As it happens we’ve got rather good at doing computer-generated speech that sounds pretty human-like, but of course the sentences generated are written by humans, and spoken human-computer interaction remains limited to relatively constrained domains like calling airline reservation systems.
A newly-launched project from MySociety, the charitable project that builds socially useful websites and services, has drawn my attention to another area where computers are simply not very good – watching television.
Their Parliamentary website, TheyWorkForYou.com, now includes video of debates in the House of Commons, but the feed they get only has BBC-provided captions to indicate who is speaking or what the debate is.
This lets them chop the video into segments, but there’s no way to automate the process of linking a segment to a particular speech.
Rather than ask for a billion pounds to build an AI capable of doing this automatically they’ve decided to go for a simpler approach. They are asking internet users to watch short video clips of Commons speeches and match them to the transcripts made for Hansard, the official record of parliamentary proceedings.
The site aims to do for speeches in Parliament what the SETI@Home project has done for radio astronomy data. But while it’s relatively easy to process digitised radio traffic looking for regular patterns that might indicate a signal from another civilisation it’s a lot harder to tell which MP is talking at any one time, so they are using the spare processing cycles of the person sitting in front of the computer instead of the chip inside.

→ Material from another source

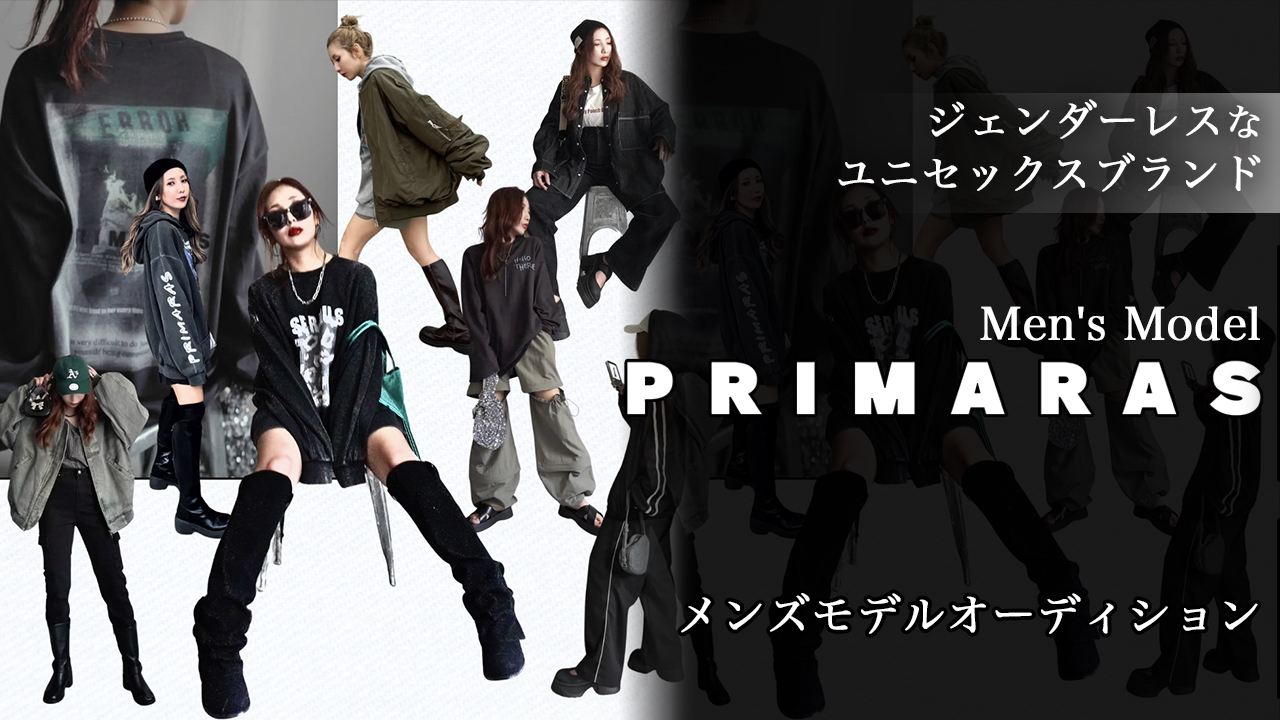 【メンズ限定】ユニセックスブランド『PRIMARAS』メンズモデルオーディション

It’s straightforward and, so they claim, rather addictive. You get an extract from the speech and a bit of embedded video, press play and when you hear the extract start you press ‘Now’ so they know where in the video stream that text appears and can add it to their database.
It’s similar in intent to the project running on Flickr to index the public domain images provided by the US Library of Congress, where public-spirited users are asked to use their spare time to tag them.
It is astonishingly difficult to extract meaning from the grid of pixels that a camera delivers to a programme, and both initiatives show how far we have to go before we will have reliable automatic indexing of images, whether still or moving.
Well-indexed and properly tagged video is astonishingly useful. A couple of years ago I saw a demonstration of a searchable video archive created by Cambridge IPTV. They had taken David Attenborough’s Life on Earth and indexed the entire series so that it was possible to search by keyword or phrase and go straight to relevant sections
However this was only possible because the shows had all been subtitled with closed-captions and so the text was available in a machine-readable form. And the subtitlinghad been done by people, so the indexing was still reliant on human interpretation of the video stream.
The MySociety tool is, at the moment, a specialised service for Parliamentary video but like all their projects it’s designed to be replicated and used as widely as possible. Coupled with a job allocation service like Amazon’s Mechanical Turk it could be a boon to anyone with a video archive that needs to be indexed.
Of course, it’s rather ironic that just as the net frees us from the tyranny of the television in the corner and offers us a multitude of new ways to express our creative potential we are being encouraged to watch arbitrary segments of a large archive in order to help the librarians.